We see from a note by Jeffrey P. Meuler at Baird Research that Grand Canyon University decided NOT to accept the campus in Mass. that was offered to it as reported earlier. Meuler took it as a show of “management’s disciplined approach” to the opportunity. He doesn’t expect a material change in the stock price and he maintains his rating target of $26 per share. Meuler writes:
LOPE has decided not to accept Northfield Mount Hermon’s Northfield Campus, according to an 8-K filed by the company today after market close.
- LOPE was previously selected to receive the campus for free, as announced on September 21. Northfield Mount Hermon’s Northfield Campus consists of 217 acres with 43 historical buildings totaling ~500k square feet in Northfield, MA. The campus was expected to be gifted toScholarships for GCU Students (a non-profit) by its current owners Hobby Lobby Stores, Inc., and then leased to Grand Canyon University.

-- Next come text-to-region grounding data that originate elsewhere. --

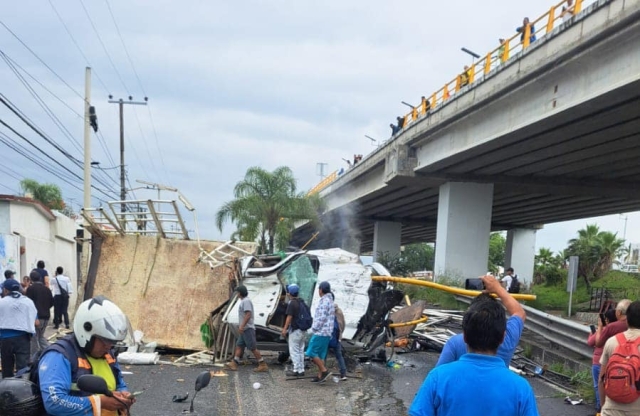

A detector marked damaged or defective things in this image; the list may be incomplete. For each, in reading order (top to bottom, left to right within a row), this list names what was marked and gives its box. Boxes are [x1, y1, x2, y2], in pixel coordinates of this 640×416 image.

wrecked truck cab [225, 250, 402, 354]
overturned truck [216, 249, 416, 362]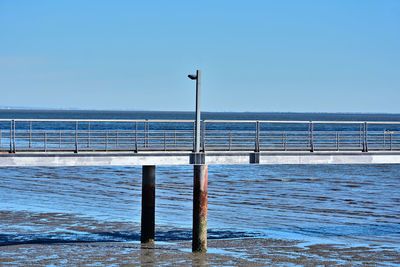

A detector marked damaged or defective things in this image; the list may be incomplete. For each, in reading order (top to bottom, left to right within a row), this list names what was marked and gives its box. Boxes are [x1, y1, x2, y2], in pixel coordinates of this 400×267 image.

rusty piling [192, 165, 208, 253]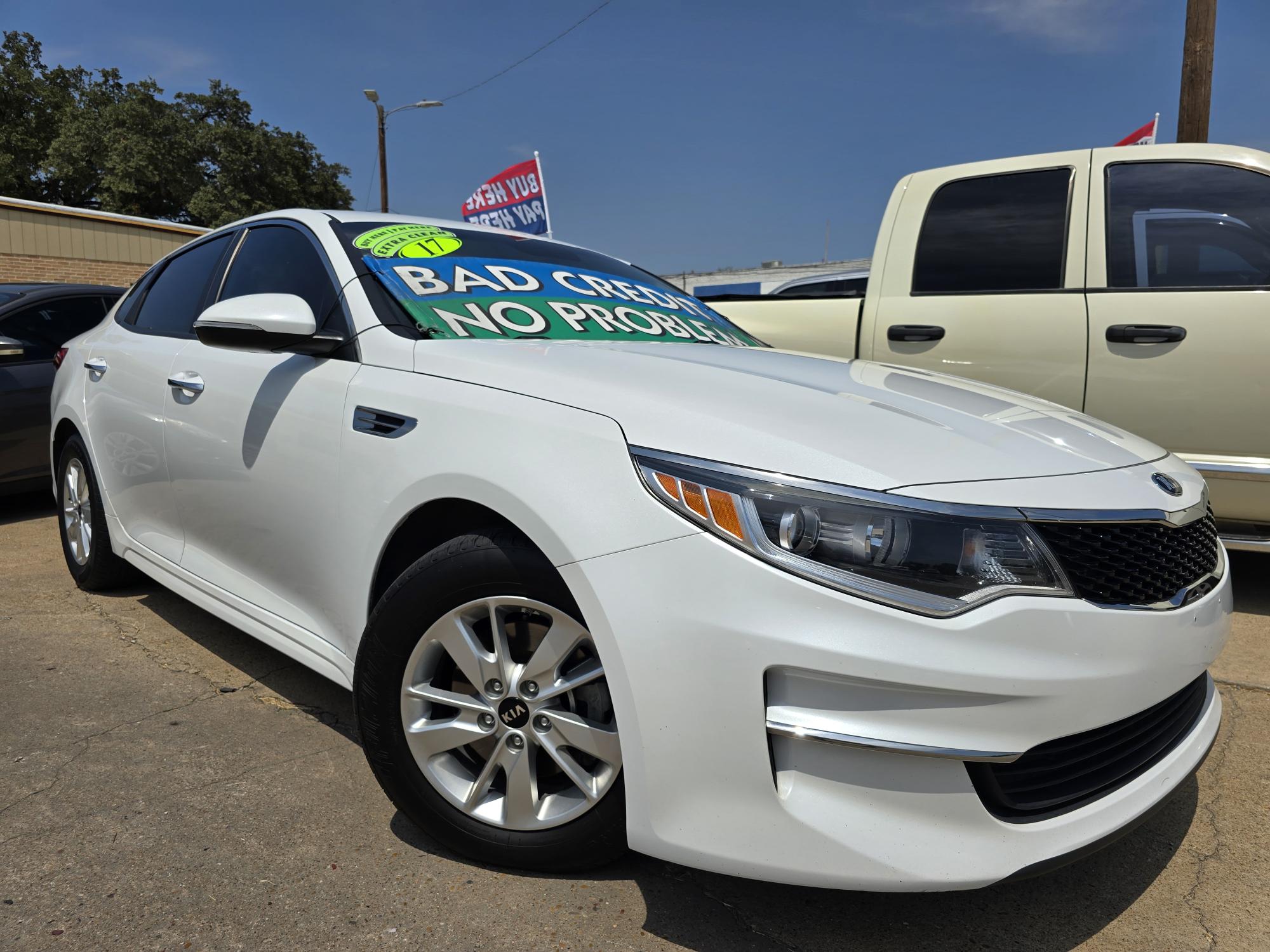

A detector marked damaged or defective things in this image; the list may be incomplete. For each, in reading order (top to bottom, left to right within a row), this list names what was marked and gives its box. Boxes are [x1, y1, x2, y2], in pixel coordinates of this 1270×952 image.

cracked pavement [0, 495, 1265, 949]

- Decision appears to have been influenced by some resistance from the city of Northfield. LOPE CEO Brian Mueller is quoted in an article referencing resistance and lack of support/financial assistance from the city of Northfield, MA.
- Believe strategy of online offering built around significant traditional ground campus presence is unchanged. We believe LOPE may still be interested in pursuing a second traditional ground campus, should the right opportunity present itself. We also believe that the company would consider expanding its Phoenix, AZ ground campus beyond the currently stated targets of 12,000 undergrad and 3,000 graduate enrollment.
- Further, we expect LOPE to continue to achieve fundamental outperformance vs. peers given its differentiated positioning and strong execution.
Five weeks after accepting a free, 217-acre campus in western Massachusetts, a for-profit Christian university has walked away from the gift.
Grand Canyon University of Phoenix, Ariz. faced millions in unanticipated costs as it moved to open its first East Coast campus in Northfield, Mass., according to GCU President Brian Mueller. So rather than complete a property transfer from the billionaire Green family of Oklahoma, GCU decided to dissolve the deal.
“We were willing to make a $150 million investment, but we really had trouble with the city of Northfield,” Mueller said. “Northfield was concerned that growing the campus to 5,000 students would alter the basic culture and the basic feel of the area.”
… But GCU got little local cooperation, Mueller said. Not only would the town not help cover $30 million in sewer and road upgrades, but it also reportedly called on GCU to conduct an environmental impact study at the university’s expense. “We were ending up having to cover the burden of all of that,” Mueller said. “It started to get overwhelming.”